Note that it says less than one *character*. A character in UTF-8 can be compose...

ChrisSD · on April 8, 2021

Note that UTF-8 has since been restricted to at most 4 bytes (i.e. the longest sequence is `T3 Tx Tx Tx`).

throwdbaaway · on April 8, 2021

So now we know who is really responsible for the whole MySQL utf8mb4 fiasco -- these 2 guys sitting in a diner, conjuring up a brilliant scheme to cover 4 billions characters, which turned out to exceed the actual requirement by more than 2000x.

September 1992: 2 guys scribbling on a placemat.

January 1998: RFC 2279 defines UTF-8 to be between 1 to 6 bytes.

March 2001: A bunch of CJK characters were added to Unicode Data 3.1.0, pushing the total to 94,140, exceeding the 16-bit limit of 3 bytes UTF-8.

March 2002: MySQL added support for UTF-8, initially setting the limit to 6 bytes (https://github.com/mysql/mysql-server/commit/55e0a9c)

September 2002: MySQL decided to reduce the limit to 3 bytes, probably for storage efficiency reason (https://github.com/mysql/mysql-server/commit/43a506c, https://adamhooper.medium.com/in-mysql-never-use-utf8-use-ut...)

November 2003: RFC 3629 defines UTF-8 to be between 1 to 4 bytes.

Arguably, if the placemat was smaller and the guys stopped at 4 bytes after running out of space, perhaps MySQL would have done the right thing? Ah, who am I kidding. The same commit would likely still happen.

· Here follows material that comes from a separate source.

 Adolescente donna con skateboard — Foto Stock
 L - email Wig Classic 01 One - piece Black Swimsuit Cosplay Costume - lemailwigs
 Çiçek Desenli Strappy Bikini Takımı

EDIT: Just notice this in the footnotes, and the plot thickens...

> The 4, 5, and 6 byte sequences are only there for political reasons. I would prefer to delete these.

So UTF-8 was indeed intended to be utf8mb3!

sn41 · on April 8, 2021

This is also a very simple form of using the idea of a "prefix-free code" from information theory and coding. (the codes {0,10,110,1110,11110,...,111111} is a prefix-free set).

I think there's also the idea that the code can "sync up" when it say, starts in the middle of a character.